The moments after I gave birth were moments of my body’s deepest pride. I remember commanding myself to love my body for the rest of my life; just think of its marvelous accomplishments! But once the pictures were developed, I saw myself as a whale and I privately admonished myself for gaining so much pregnancy weight that I would look forever fat in my children’s newborn pictures.
You see, we all have a wicked side, and unfortunately, many of us direct it at ourselves.
But I am done with that. Really, truly done. Too much of my energy has been wasted fretting about my appearance. Too much of my inherant self-worth has been devalued. Trying to be small made me live a smaller life than I ever intended.

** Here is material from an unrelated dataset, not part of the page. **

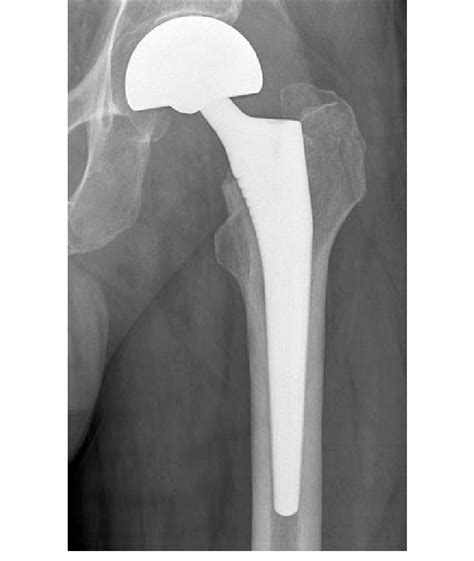 A Radiograph Shows The Corail 1 Uncemented Bipolar Implant Download Scientific Diagram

So I have made a choice, sat with that choice and settled into this choice for over a month. I choose to not waste anymore energy bemoaning how I look, because ultimately doing that belittles me.
My face shows that I worried in my twenties and laughed in my thirties. So be it.
My stomach shows that I gave birth to two glorious sons. So be it.
My arms show that I’m a good cook and I like to enjoy a glass of wine with my husband. So be it.
I’m not going to fall into a pit of sloth and gluttony. I enjoy exercising and eating healthful food. It makes me feel alive. That’s what this is about: living a life that celebrates life. I’m sure my appearance will still fluctuate. I am just not going to waste anymore energy caring about it or being mean to myself. There are so many more interesting and important subjects worthy of my attention.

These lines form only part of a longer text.